══ Exercise inputs ══

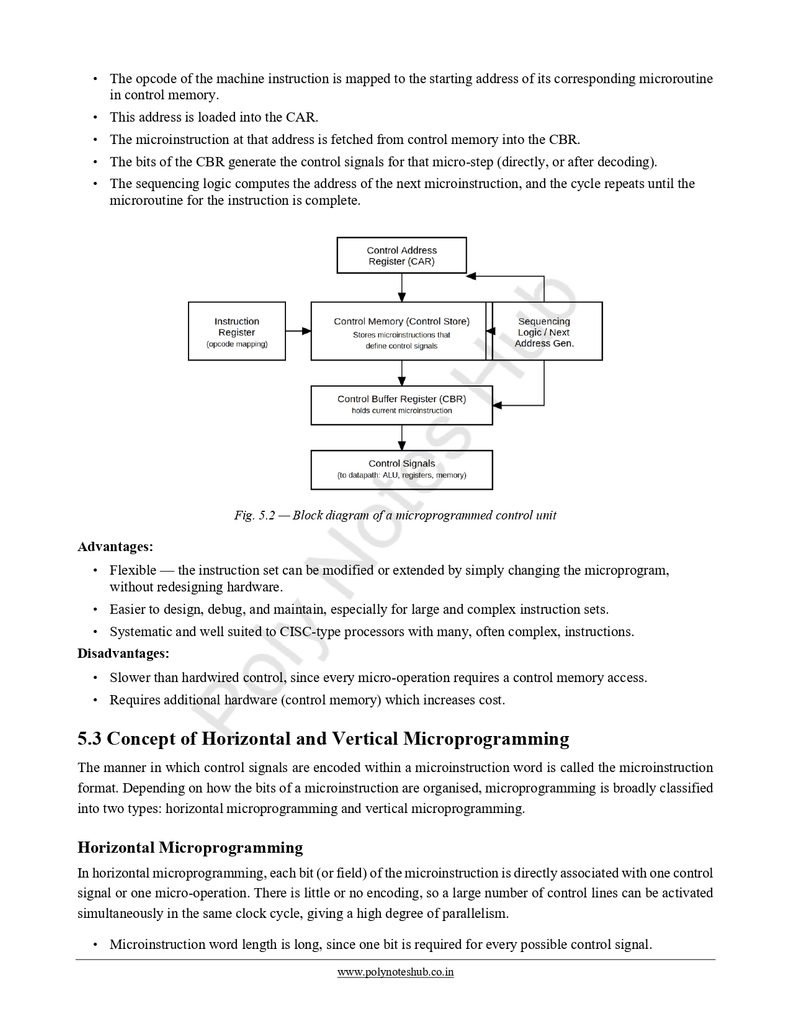 Control Unit Design Issue Free Notes PDF - Download Now Poly Notes Hub Download Control Unit Design Issue Free Notes PDF from computer organization and architecture notes - poly notes hub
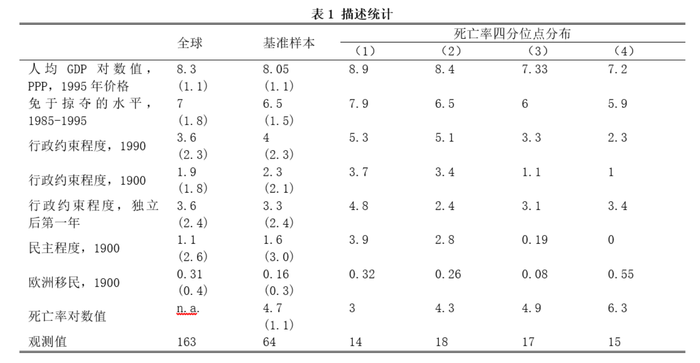 gdp取对数_对数函数图像(2)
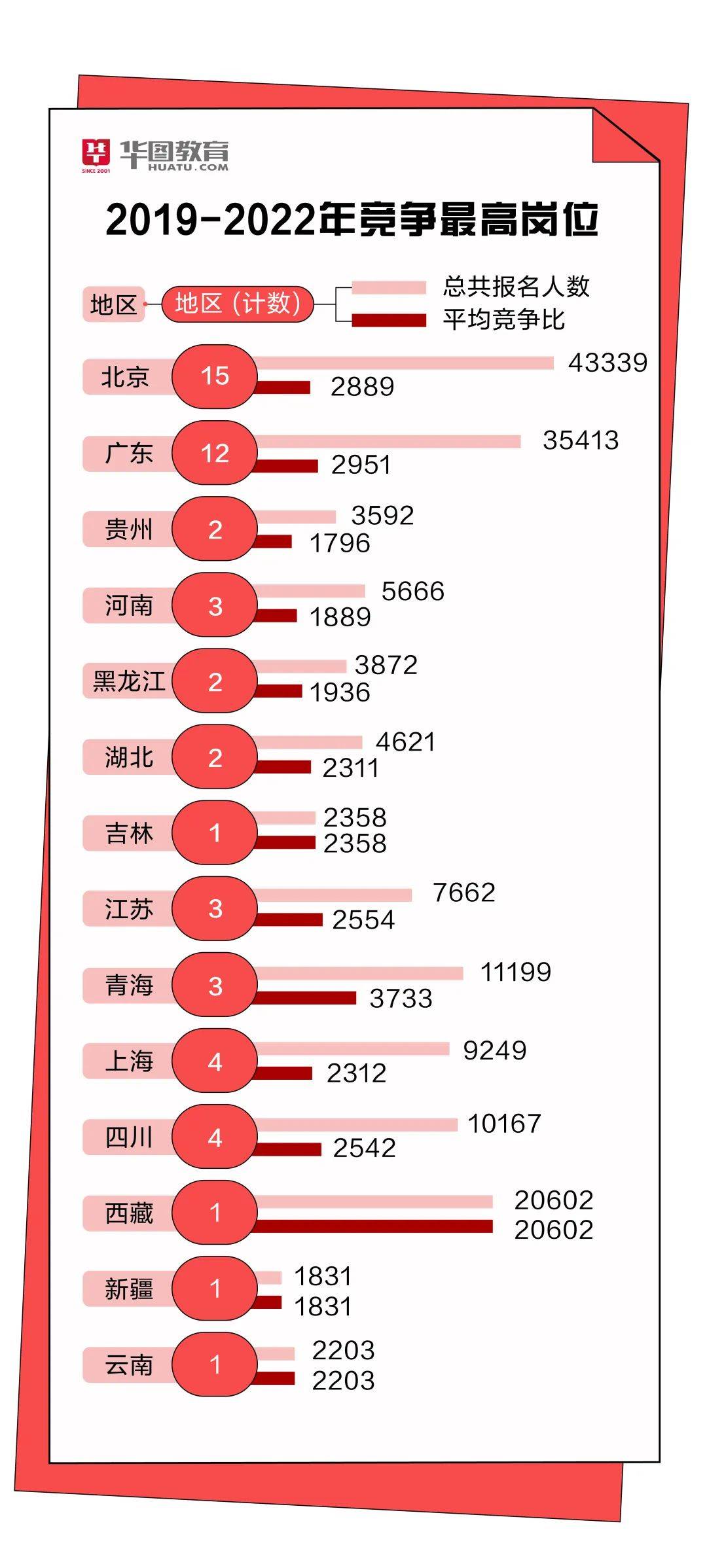 出了国考！2024年国考考生报考指导！！国考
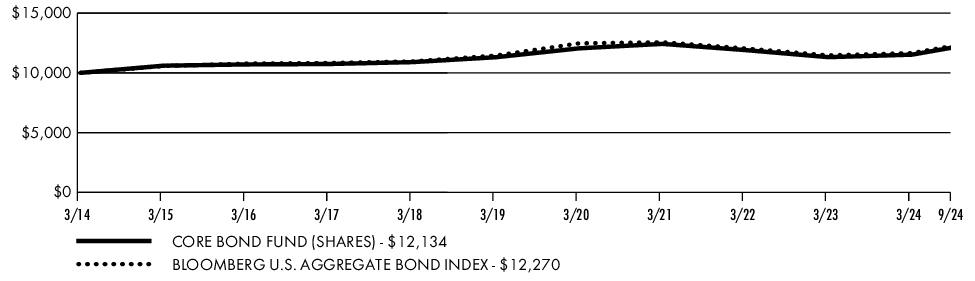 Fund Performance - Growth of 10K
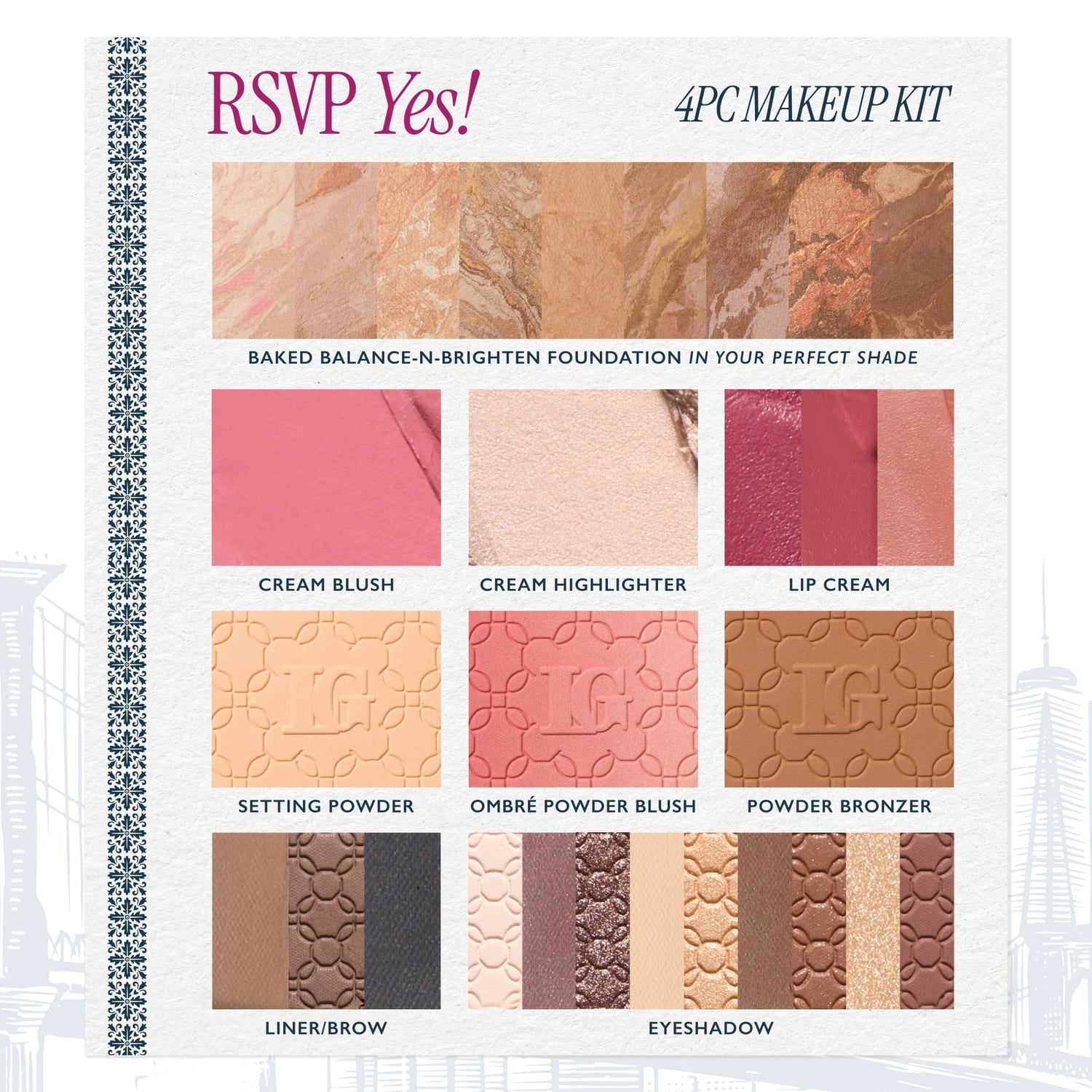 RSVP Yes! Full Face Kit (4 PC) texture layout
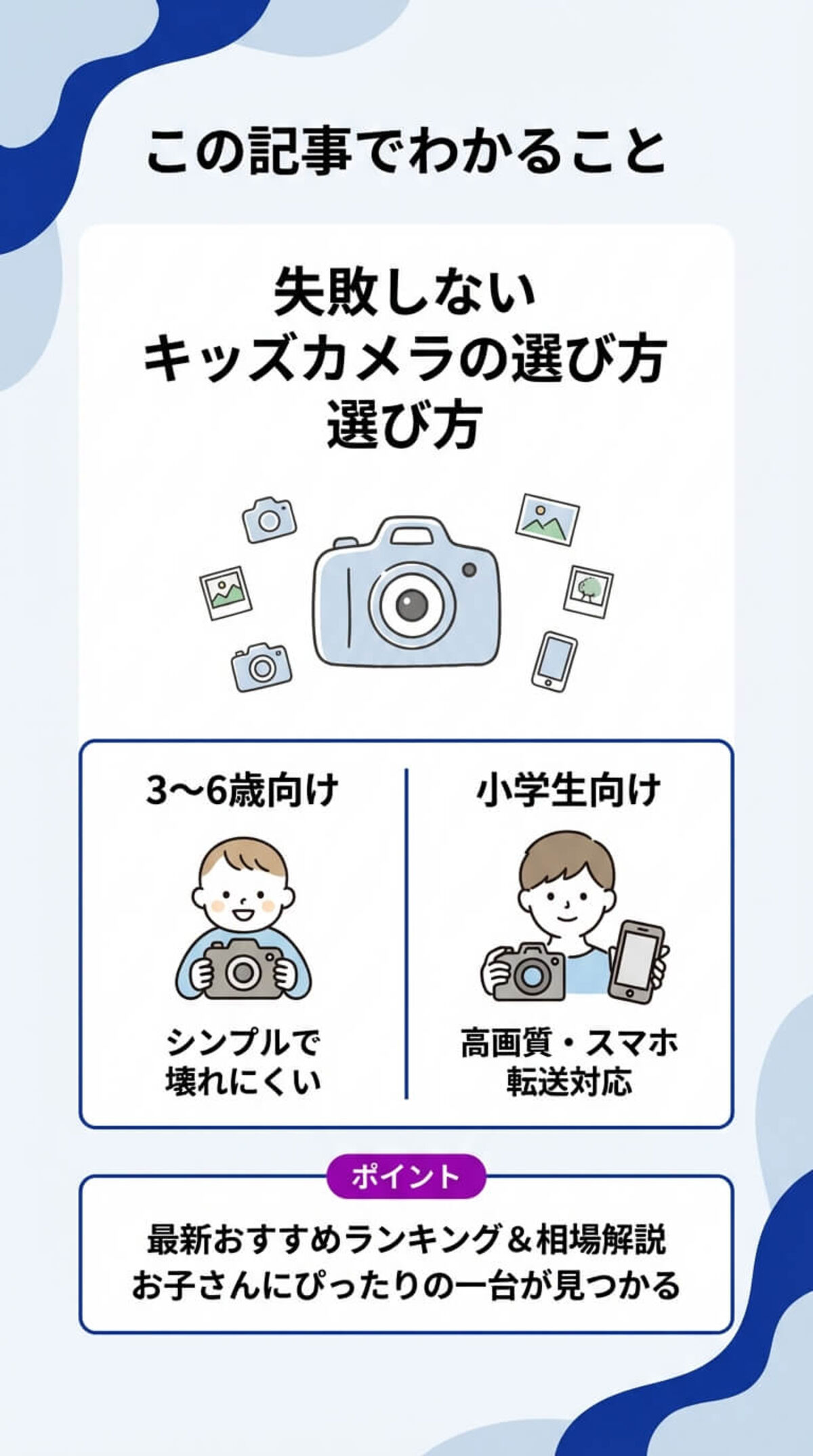 この記事でわかること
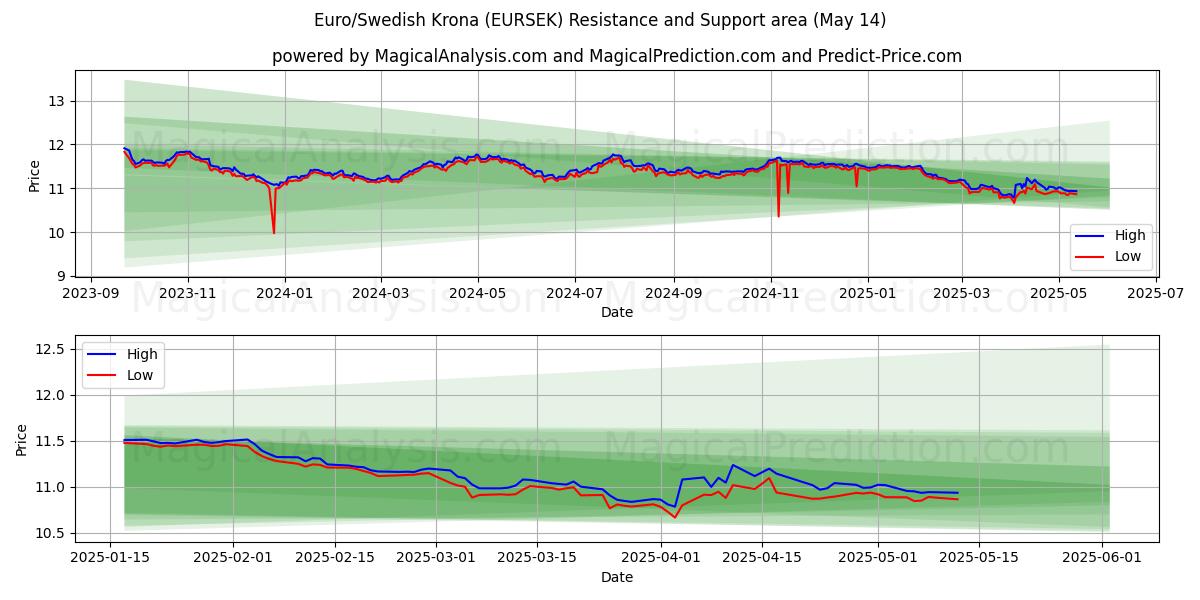  Euro/Swedish Krona (EURSEK) Support and Resistance area (14 May)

═══

Work item
Please repeat exactly the lines from the one containing "出了国考！2024年国考考生报考指导！！国考" through the last line of the records, both included, and leave out the pictures.

Written response
 出了国考！2024年国考考生报考指导！！国考
 Fund Performance - Growth of 10K
 RSVP Yes! Full Face Kit (4 PC) texture layout
 この記事でわかること
  Euro/Swedish Krona (EURSEK) Support and Resistance area (14 May)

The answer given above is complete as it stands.